Theodore Roosevelt Birthplace

Theodore Roosevelt Birthplace

I finished David McCullough’s Mornings on Horseback last night. This is the ur-text for anyone who works or volunteers at the Theodore Roosevelt Birthplace. As McCullough points out in the introduction, Mornings is not so much a biography as an exploration of how this man born just prior to the CIvil War became the man he did. The book ends in the mid-1880s with Theodore’s life less than half lived. It hardly seemed that way however, given how much he managed to pack in before his 30th birthday. The White House is still fifteen years in the distance.

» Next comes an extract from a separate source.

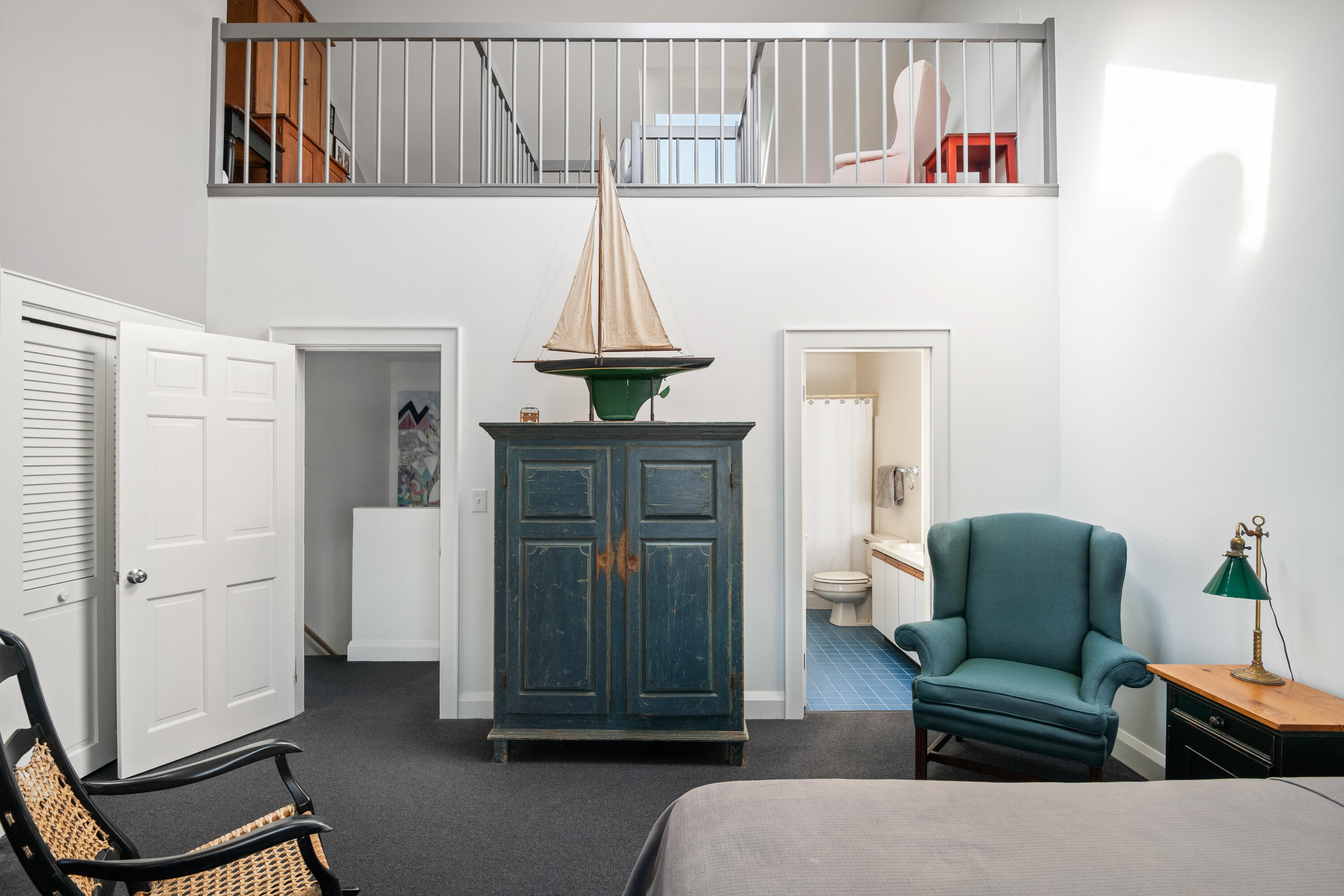 103 Chandlers Wharf 103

This is the prep work leading up to my own Interpretive programs, which I am looking forward to doing once I have the narrative down firmly. What I am finding I love about the Roosevelt story is the number of ways it can be told. Walk around the Flatiron District in the East Twenties and you are stepping back into an Edith Wharton novel. Tell the story of how his mother Mittie, raised in Georgia, was an unreconstructed Southerner and you have the Cvil War. Assemblyman Roosevelt? That’s him taking on Tammany Hall. And oh yes, it is a human story too. His wife and mother did die on the same day in the same house–two days after his daughter was born. That does not even get you to San Juan Hill, the Albany governors mansion, the White House or the decade of his life that came afterward. It is hard to believe he died at sixty. I can’t tell you how much I am enjoying this.

Make the TRB part of your New York City experience. It’s the real deal.